Astronomers believe they captured the instant when two dense neutron stars collided in an astronomical event called a kilonova to form a strange magnetic star.
A wide array of telescopes picked up a blinding flash indicative of a short gamma-ray burst 5.5 billion light-years away, reminiscent of the kilonova explosion linked to the 2017 neutron star collision detected during a historic astronomical breakthrough.
However, according to research that was accepted into The Astrophysical Journal and is available on arXiv, there was something about the current kilonova accompanying the gamma-ray burst, dubbed GRB 200522A, that was very unusual.
Observations showed that the flash contained about ten times more infrared light than expected, with research suggesting that the collision had produced something rather unexpected.
The flash had been captured in near infrared wavelengths by the Hubble Space Telescope.
“These observations do not correspond to traditional explanations for short gamma-ray bursts. Considering what we know about the radio and x-rays of this explosion, it just doesn’t add up.

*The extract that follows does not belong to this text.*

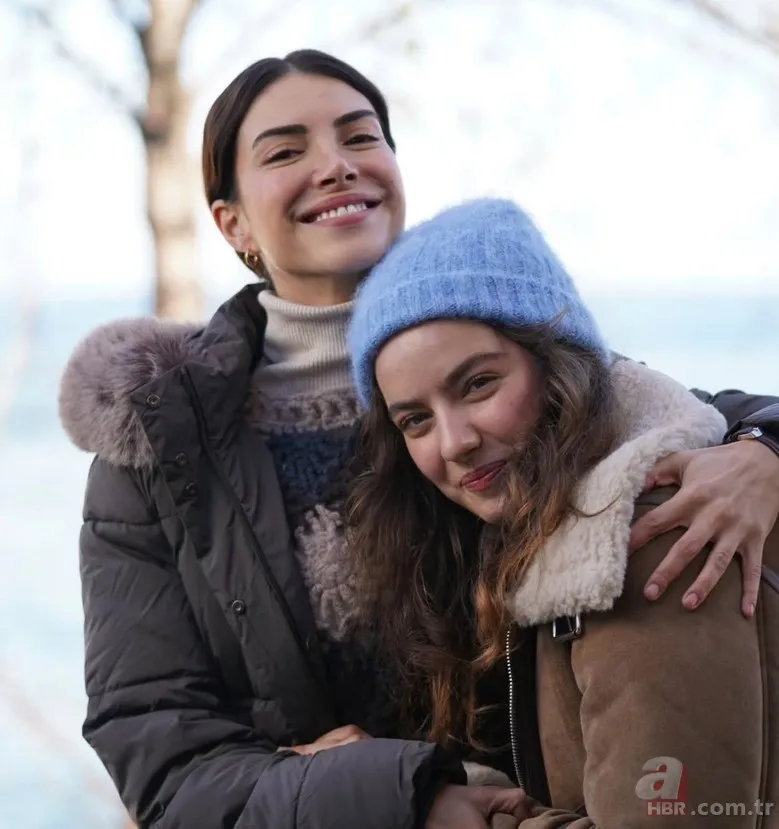 Ava Yaman'ın iftar tarzı olay oldu: Kimi beğendi kimi eleştirdi 2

The near infrared emission we find with Hubble is far too bright, ”said Northwestern University astronomer Wen-fai Fong, who led the study.
Strange new phenomenon
Astronomers were alerted to the possibility of the vent by NASA’s Neil Gehrels Swift Observatory, a space telescope designed to be able to detect gamma-ray bursts early, with its Burst Alert Telescope.
After this initial warning, other space and ground telescopes, such as The Very Large Array, the WM Keck Observatory, and the Las Cumbres Observatory Global Telescope Network zoomed in on the location.

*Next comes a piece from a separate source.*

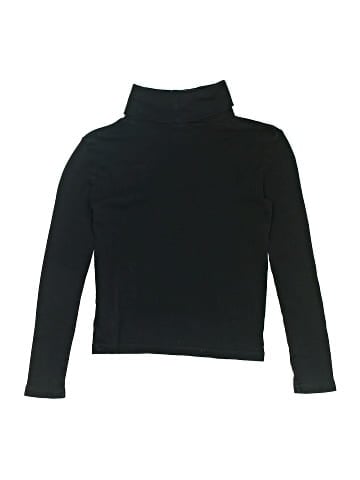Polo by Ralph Lauren Long Sleeve Turtleneck (view 2)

They obtained an electromagnetic profile of the event, from radio wavelengths to X-rays, to show that it was a short gamma-ray burst associated with the fusion of neutron stars. This is the telescope. Space Hubble, observing the near infrared event, which made astronomers realize that a new phenomenon was occurring.
“As the data came in, we formed a picture of the mechanism that produced the light we were seeing,” said astronomer Tanmoy Laskar from the University of Bath in the UK.
He added that scientists then had to move away from “conventional thinking” to understand “what it meant for the physics behind these extremely energetic explosions.”
While astronomers believe that the two neutron stars of the 2017 event, dubbed GW 170817, merged to form a black hole, on this occasion, the near infrared luminosity of the GRB 200522A kilonova could indicate that the two neutron stars merged to form a rare magnetar.
Magnetars are a type of neutron star that have extremely strong magnetic fields, about 1,000 times that of an average neutron star.
Only 24 have been confirmed, to date, in our own galaxy, the Milky Way.
“We know that magnetars exist because we see them in our galaxy. We believe that most of them form during the explosive death of massive stars, leaving behind these highly magnetized neutron stars. However, it is possible that a small fraction forms in neutron star mergers. We have never seen evidence of this before, let alone infrared light, making this discovery special, ”said Wen-fai Fong.
Only one kilonova to date has been confirmed – the one associated with GW 170817 from 2017.
If the burst of light observed by Hubble came from a magnetar that ejected energy into the kilonova material, within a few years the ejected material will produce observable light on radio wavelengths. As a result, tracking radio observations can prove that it was a magnetar.
The revolutionary event
In 2017, the first historic detection of a collision between two neutron stars, 130 million light years away, in an event dubbed GW 170817, was hailed as a possible breakthrough only because of astronomy. gravitational waves.
The latter had identified the event and alerted the observatories, identifying the area to be monitored. This was only the fifth gravitational wave detection, with the previous four detections from mergers between binary black holes, coming together to form a large black hole.
While there were previously only two gravitational wave detectors, the LIGO interferometers in Livingston, Louisiana and Hanford, Wash., The addition of a third – the Virgo interferometer in Italy, has improved the accuracy of the location.
Now, the breadth of data on various signals is conducive to helping astronomers better understand these events.